The following command shows the DN (Distinguished Name) of the Active
Directory user:
SELECT SYS_CONTEXT('USERENV', 'ENTERPRISE_IDENTITY') FROM DUAL;
For example you can verify this centrally managed user's enterprise
identity:
SQL> SELECT SYS_CONTEXT('USERENV', 'ENTERPRISE_IDENTITY') FROM DUAL;
SYS_CONTEXT('USERENV','ENTERPRISE_IDENTITY')
----------------------------------------------------------------------
cn=Peter Fitch,ou=sales,dc=production,dc=examplecorp,dc=com
The following command shows the
"AD_DOMAIN\AD_USERNAME":
SELECT SYS_CONTEXT('USERENV', 'AUTHENTICATED_IDENTITY') FROM DUAL;
For example, the Active Directory authenticated user identity is captured
and audited when the user logs on to the database:
SQL> SELECT SYS_CONTEXT('USERENV', 'AUTHENTICATED_IDENTITY') FROM DUAL;
SYS_CONTEXT('USERENV','AUTHENTICATED_IDENTITY')

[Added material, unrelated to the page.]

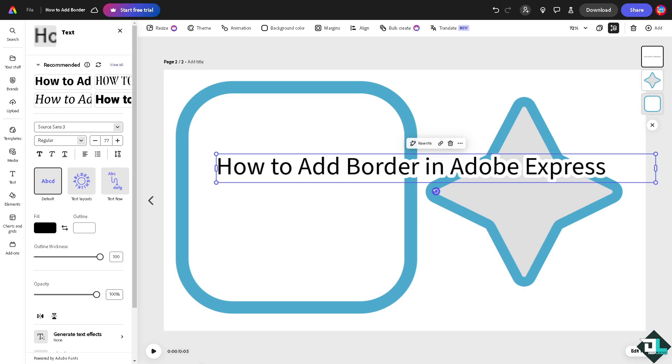The idea is that adding a border creates a polished, finished look, acting as a visual frame for your design, right?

----------------------------------------------------------------------
production\pfitch
Remove Active Directory Users and
Roles on Autonomous Database 🔗
To remove Active Directory users and roles
from Autonomous Databases, use standard database
commands. This does not remove the related Active Directory users or groups that were mapped
from the dropped database users or roles.
To remove users or roles from Autonomous Database:
Log in to the database that is configured to use Active Directory as a user who has
been granted the DROP USER or DROP ROLE system
privilege.
Drop the global users or the global roles that are mapped to Active Directory
groups or users with DROP USER or DROP ROLE
statement.
Disable Active Directory Access
on Autonomous Database 🔗
Describes the
steps to remove the CMU configuration from your Autonomous Database (and disable the LDAP access from your Autonomous Database to Active Directory).
After you configure your Autonomous Database instance to access CMU Active Directory, you can disable the access as
follows:
Connect to the Autonomous Database as the ADMIN user.
Use the DBMS_CLOUD_ADMIN.DISABLE_EXTERNAL_AUTHENTICATION to disable CMU authentication.
Note
To run this procedure you must be logged in as ADMIN user or have the EXECUTE privilege on DBMS_CLOUD_ADMIN.
For example:
BEGIN
DBMS_CLOUD_ADMIN.DISABLE_EXTERNAL_AUTHENTICATION;
END;
/
This disables CMU authentication on your Autonomous Database instance.